**About this task:** Set down the data again exactly. Pictures are not part of the copy.

**Extracted entries:**
· · · ·

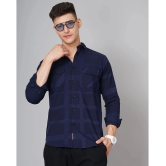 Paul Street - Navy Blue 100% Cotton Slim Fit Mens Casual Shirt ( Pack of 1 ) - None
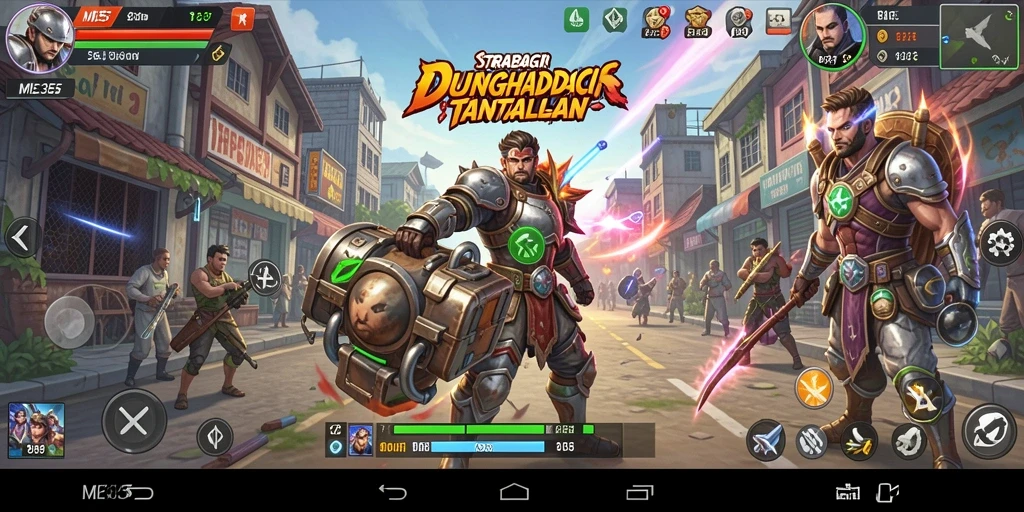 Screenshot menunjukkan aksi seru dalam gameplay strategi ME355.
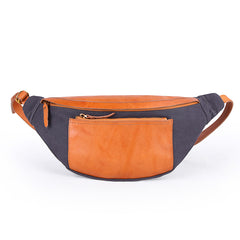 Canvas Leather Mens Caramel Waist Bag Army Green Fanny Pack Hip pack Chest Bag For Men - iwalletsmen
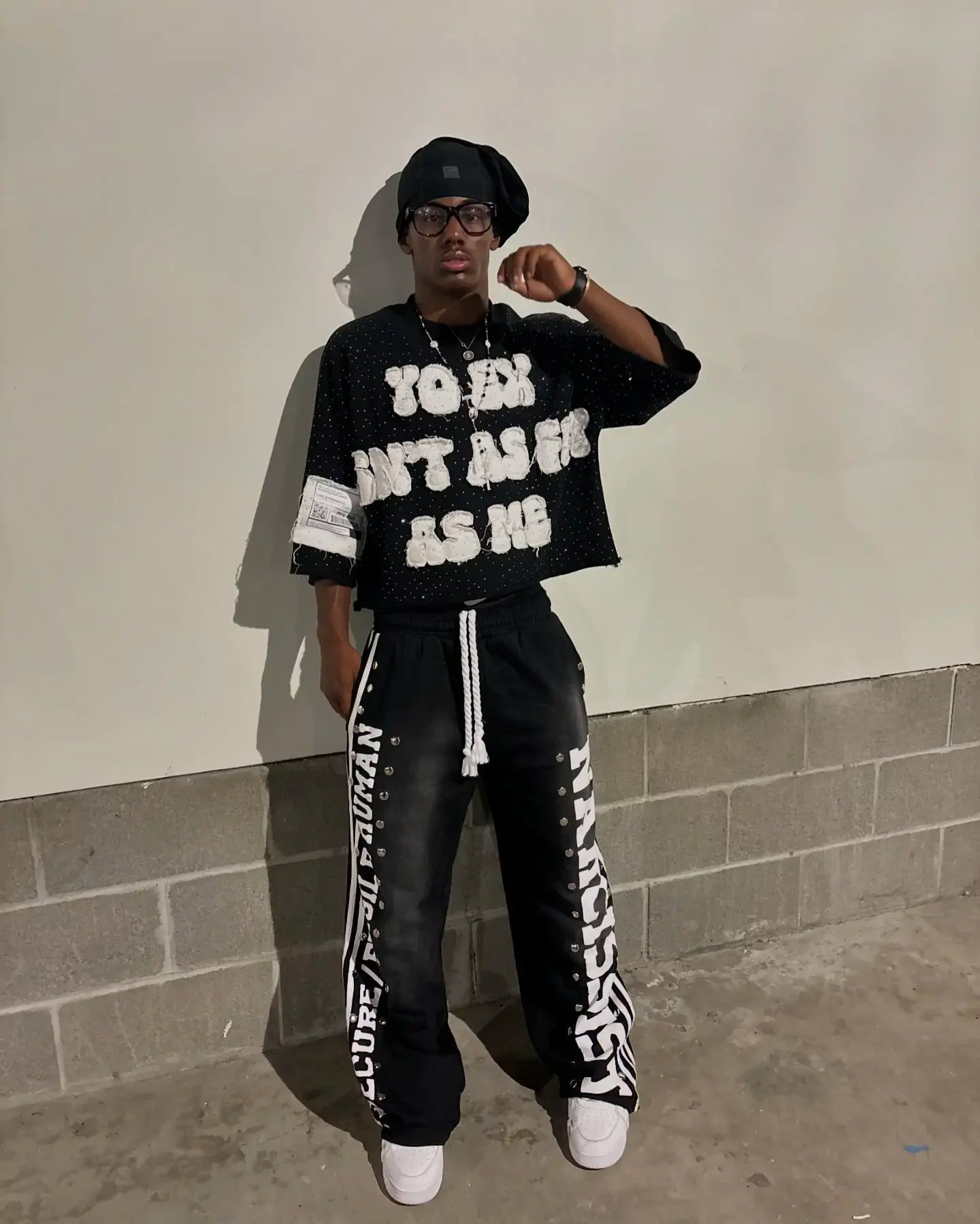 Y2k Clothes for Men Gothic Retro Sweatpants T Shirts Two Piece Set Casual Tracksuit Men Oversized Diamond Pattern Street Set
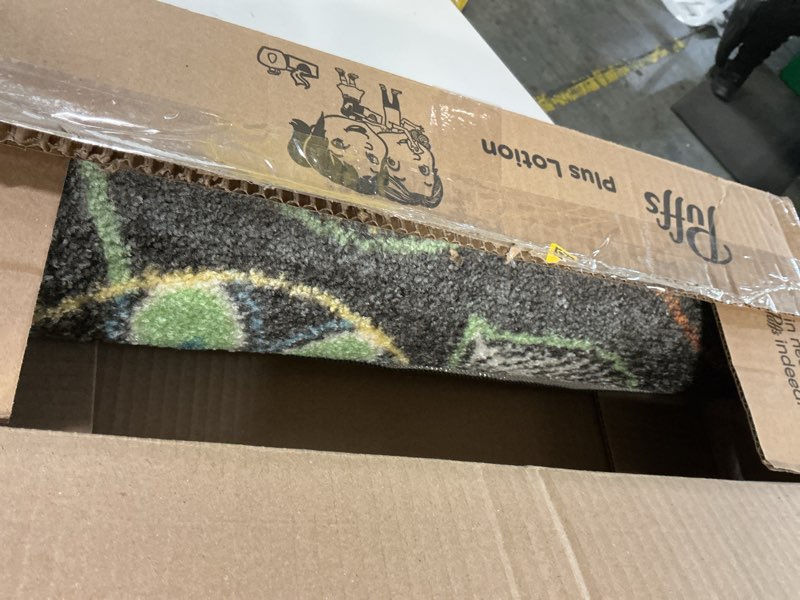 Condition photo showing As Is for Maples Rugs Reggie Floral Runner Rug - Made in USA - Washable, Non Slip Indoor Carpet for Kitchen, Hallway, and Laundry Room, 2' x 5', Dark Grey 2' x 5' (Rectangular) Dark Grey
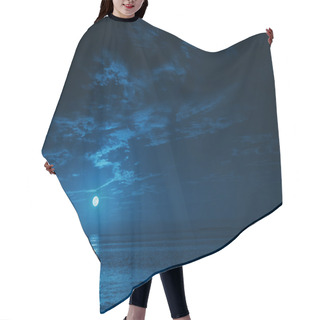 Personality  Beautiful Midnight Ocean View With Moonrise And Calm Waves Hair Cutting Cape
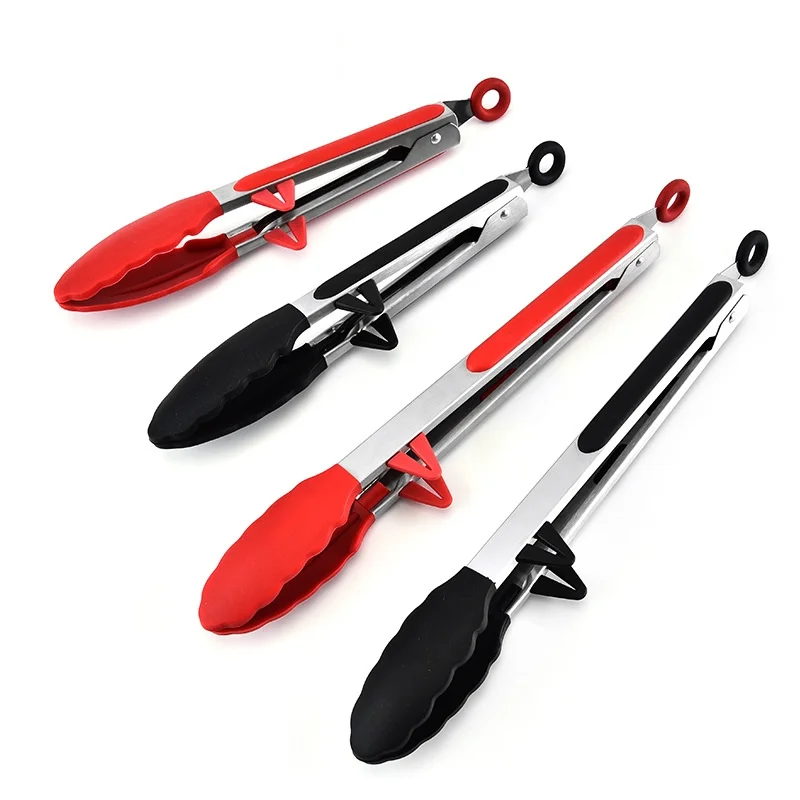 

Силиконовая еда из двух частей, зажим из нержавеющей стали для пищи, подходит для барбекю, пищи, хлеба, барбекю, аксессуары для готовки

· · · ·

**Solution below:**
 Paul Street - Navy Blue 100% Cotton Slim Fit Mens Casual Shirt ( Pack of 1 ) - None
 Screenshot menunjukkan aksi seru dalam gameplay strategi ME355.
 Canvas Leather Mens Caramel Waist Bag Army Green Fanny Pack Hip pack Chest Bag For Men - iwalletsmen
 Y2k Clothes for Men Gothic Retro Sweatpants T Shirts Two Piece Set Casual Tracksuit Men Oversized Diamond Pattern Street Set
 Condition photo showing As Is for Maples Rugs Reggie Floral Runner Rug - Made in USA - Washable, Non Slip Indoor Carpet for Kitchen, Hallway, and Laundry Room, 2' x 5', Dark Grey 2' x 5' (Rectangular) Dark Grey
 Personality  Beautiful Midnight Ocean View With Moonrise And Calm Waves Hair Cutting Cape

Силиконовая еда из двух частей, зажим из нержавеющей стали для пищи, подходит для барбекю, пищи, хлеба, барбекю, аксессуары для готовки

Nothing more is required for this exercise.